Sunday, 29 June 2014

River Dee - Little Blackhall & Inchmarlo 21-06-14

On the 21st June I was delighted to accept an invitation to fish as a guest on the Little Blackhall and Inchmarlo beat of the River Dee. It was good to be back there again after the last time I was there yielded a nice sea liced springer of around 6lb in March. This time the water was much lower and was sitting around 6" on the FishDee website gauge. My set up for the day was my 13ft Hardy Uniqua and a Airflo QuickSpey floating line. Flies ranged in size from 10-14.

I arrived at the fishing hut at 8.30am and was met by ghillie, Terry Paton and fellow river Dee enthusiast, Paul Pritchard. After a quick cup of coffee and a good natter about the fishing with Terry, Paul and I set off to our pools for the morning. I was to start in the House Pool and Paul headed up river to fish the top part of the beat.

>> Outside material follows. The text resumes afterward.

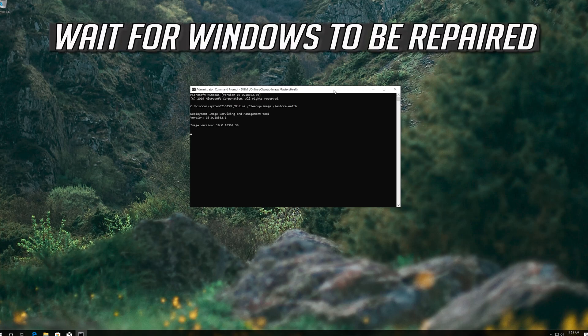Wait for Windows to be repaired, then press Enter. Wait for Windows to be repaired. If that didn't work, continue to the next method.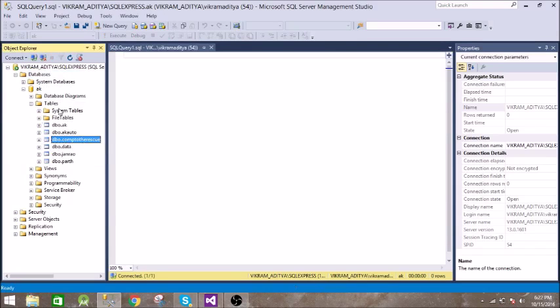So in this way it is executing. It is first creating a connection with SQL Server and then we are executing the query.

The fishing hut at Inchmarlo.
A look inside the well equipped fishing hut.
On my walk over to the House Pool there was a nice looking fish showed in the fast waster about half way down the pool. This got the excitement going even more than usual and I was eager to have a cast for it. Terry said that if there was a fish in the pool I would either get in on my first three casts or my last three. Well, after only two casts I had a fish take my #11 KS Shrimp! I soon realised it was just a wee brown trout and not the nice fish we saw as we arrived at the pool. At least I knew the fly was swimming nicely. The rest of the pool provided no more action so I made my way down to the next pool which was the famous Roe Pot.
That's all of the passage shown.